In terms of narrative sophistication and even more so dialogue, this $350 million sequel is almost as basic as its predecessor, even feeble at times. But the expanded, bio-diverse world-building pulls you in, the visual spectacle keeps you mesmerized, the passion for environmental awareness is stirring and the warfare is as visceral and exciting as any multiplex audience could desire.

Box office for Disney’s Dec. 16 release is going to be monstrous, while simultaneously whetting global appetites for the three more Avatar entries Cameron has announced.

What’s most astonishing about The Way of Water is the persuasive case it makes for CGI, at a time when most VFX-heavy productions settle for a rote efficiency that has drained the movies of much of their magic. Unlike other directors who have let technological experimentation at times smother their creative instincts — Robert Zemeckis and Ang Lee come to mind — Cameron thrives in the artifice of the digital toolbox.

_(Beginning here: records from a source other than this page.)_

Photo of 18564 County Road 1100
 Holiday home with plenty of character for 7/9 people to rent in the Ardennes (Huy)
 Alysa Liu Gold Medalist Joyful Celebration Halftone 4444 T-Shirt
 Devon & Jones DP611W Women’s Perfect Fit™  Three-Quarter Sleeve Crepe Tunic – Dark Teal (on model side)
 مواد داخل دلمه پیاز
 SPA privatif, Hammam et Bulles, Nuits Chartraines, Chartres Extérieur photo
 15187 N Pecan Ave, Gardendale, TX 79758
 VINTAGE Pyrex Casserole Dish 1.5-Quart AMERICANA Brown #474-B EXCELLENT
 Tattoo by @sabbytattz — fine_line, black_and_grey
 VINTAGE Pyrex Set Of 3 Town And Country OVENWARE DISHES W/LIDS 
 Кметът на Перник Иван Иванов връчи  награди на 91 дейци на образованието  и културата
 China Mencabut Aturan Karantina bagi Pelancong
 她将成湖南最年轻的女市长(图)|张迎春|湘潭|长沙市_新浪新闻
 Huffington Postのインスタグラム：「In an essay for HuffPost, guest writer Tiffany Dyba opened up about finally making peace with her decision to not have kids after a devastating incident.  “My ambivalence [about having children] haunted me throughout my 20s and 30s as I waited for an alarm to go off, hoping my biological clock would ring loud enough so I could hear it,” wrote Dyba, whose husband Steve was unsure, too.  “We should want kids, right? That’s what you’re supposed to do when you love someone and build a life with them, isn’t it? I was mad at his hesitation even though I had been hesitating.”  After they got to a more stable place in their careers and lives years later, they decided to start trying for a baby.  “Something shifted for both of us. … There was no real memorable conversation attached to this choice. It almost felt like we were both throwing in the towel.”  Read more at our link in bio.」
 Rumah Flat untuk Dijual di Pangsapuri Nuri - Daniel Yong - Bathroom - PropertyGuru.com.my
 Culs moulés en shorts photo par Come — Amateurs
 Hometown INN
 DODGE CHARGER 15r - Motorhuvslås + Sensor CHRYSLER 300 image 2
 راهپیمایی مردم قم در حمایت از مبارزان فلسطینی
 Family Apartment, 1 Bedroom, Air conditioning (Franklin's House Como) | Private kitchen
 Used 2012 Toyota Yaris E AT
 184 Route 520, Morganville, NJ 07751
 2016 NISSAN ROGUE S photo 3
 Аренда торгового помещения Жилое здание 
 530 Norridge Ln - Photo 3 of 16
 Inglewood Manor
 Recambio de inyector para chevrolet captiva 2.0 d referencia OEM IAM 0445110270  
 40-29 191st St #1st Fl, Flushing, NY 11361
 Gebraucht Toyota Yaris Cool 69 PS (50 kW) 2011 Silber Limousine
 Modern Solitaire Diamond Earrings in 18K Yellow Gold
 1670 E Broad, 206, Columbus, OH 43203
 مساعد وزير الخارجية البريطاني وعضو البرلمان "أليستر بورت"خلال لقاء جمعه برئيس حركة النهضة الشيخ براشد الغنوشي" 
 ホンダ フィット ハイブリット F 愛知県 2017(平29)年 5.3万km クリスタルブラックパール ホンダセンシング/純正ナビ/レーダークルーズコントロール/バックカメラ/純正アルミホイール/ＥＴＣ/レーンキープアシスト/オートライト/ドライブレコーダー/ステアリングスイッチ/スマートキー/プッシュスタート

Working in High Dynamic Range at 48 frames per second, he harnesses the immersive quality of enhanced 3-D to give DP Russell Carpenter’s images depth and tactile vibrancy. Skeptics who watched the trailer and dismissed the long-time-coming Avatar sequel as a videogame-aesthetic hybrid of photorealism and animation that ends up looking like neither may not be entirely wrong. But the trippy giant-screen experience, for those willing to give themselves over to it, is visually ravishing, particularly in the breathtaking underwater sequences.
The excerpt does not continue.